Ofwat is not a complete patsy and is in the business of holding companies to account, the chief executive of the water regulator argued on the Today programme on Tuesday. David Black even waved a metaphorical big stick at a couple of firms. “I think that companies like Thames and Southern really need to up their game,” he said.
He described Thames as “a repeated poor performer”. And he said Ofwat’s £126m penalty on Southern in 2019 for wastewater and reporting breaches was instrumental in forcing a change of ownership last year. “That’s an example of a company that performed poorly, that was held to account by Ofwat and the investors lost their shirt,” argued Black. “That is exactly as it should be.”
What this breezy accounted omitted to mention, however, was that the Ofwat-approved rescuer of Southern Water was none other than Macquarie, the giant Australian financial outfit whose ownership of Thames from 2006 to 2017 was characterised by supercharged debt financing, heavy dividend extraction, missed leakage targets and a major sewage-dumping prosecution. Even Ofwat seemed to cheer when Macquarie left the capital; its chairman at the time called on the new owners to make “a step-change” in the way Thames “operates and behaves”.
The decision to welcome back Macquarie at Southern, which serves 4.7 million people in Kent, Sussex, Hampshire and the Isle of Wight was therefore mystifying. The justification given was that Macquarie came bearing good intentions and a much-needed capital injection of £1.07bn. Possible translation: Southern was in such a financial mess that any rescuer, whatever its previous record in the sector, was better than none. If so, that is not what most observers would describe as life proceeding “exactly as it should be”.
Cut-price retailer
Back in March, the board of Ted Baker rejected takeover proposals at 130p and 137.5p a share, saying they “significantly undervalued” the fashion retailer. Five months later, and after laborious on-off talks with various parties, the directors are rolling over at 110p and declaring that “fair value” has been achieved for shareholders by submitting to a bid from US firm Authentic Brands. As a piece of negotiation, it’s a shocker.
It may also be a pragmatic concession. If half the shareholder base, including founder Ray Kelvin with his 11.5% stake, wish to take the cash, the board is in no position to resist. Besides there’s the small matter of “the uncertain economic environment”, as chair Helena Feltham put it. Yes, the consumer weather has taken a turn for the worse since March.
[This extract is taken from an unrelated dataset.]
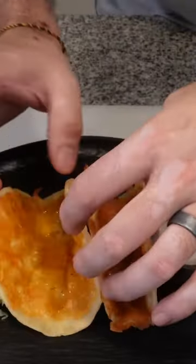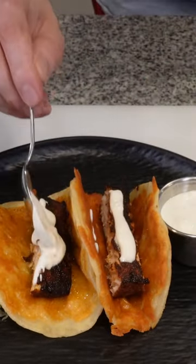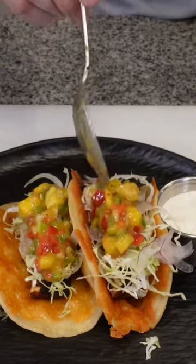The sweetness of the mango salsa, acidity from the champagne crema, and the crunch from the cabbage and fresh onions make it worthy of a regular rotation in any household menu. With that, I'm out. Enjoy!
All the same, submitting to a lowball £211m offer from a US turnaround merchant is a lacklustre way to bow out. Ted Baker was never a retailing powerhouse, but, in his day, Kelvin had carved out an interesting niche in the market. Profits warnings, accounting tangles and the “forced hugs” affair that forced his exit in 2019 changed the picture obviously, and then Covid arrived. But a recovery of sorts seemed to be under way.
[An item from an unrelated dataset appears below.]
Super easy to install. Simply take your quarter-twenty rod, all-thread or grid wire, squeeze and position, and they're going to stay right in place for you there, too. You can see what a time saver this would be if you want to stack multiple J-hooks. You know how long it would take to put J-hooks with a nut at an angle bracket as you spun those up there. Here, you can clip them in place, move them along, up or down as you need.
One can only assume the big shareholders, led by Toscafund and Schroders, are terrified about the possible impact of those economic uncertainties. They may be right to be so.
Another net gain for the US?
Farewell Darktrace, then? We hardly knew you, let alone understood how those cybersecurity tools work.
Well, the takeover approach from US private equity firm Thoma Bravo isn’t yet a formal offer, so it’s too soon to say Darktrace’s 15 months as a quoted company in London are drawing to a close. But the 24% leap in the share price says the market is betting the way.
At 515p, producing a value of £3.4bn, the share price has doubled since flotation. On the other hand, the peak was almost £10, which shows how hard it is to value high-growth, loss-making firms in whizzy fields like cybersecurity.
The other complication, of course, is Darktrace’s links to shareholder and early backer Mike Lynch, the Autonomy founder fighting extradition to the US on fraud charges, which he denies. The company’s listing in London seemed to be partly driven by a desire to demonstrate independence from Lynch but has never fully achieved that goal. As a multiple of revenues, Darktrace’s value lags foreign peers’. Therein lies a possible opportunity for a bidder to benefit from a clean break.
Assuming, that is, UK ministers don’t throw a few obstacles in the path of yet another US tech takeover. One assumes they won’t, but it’s not impossible.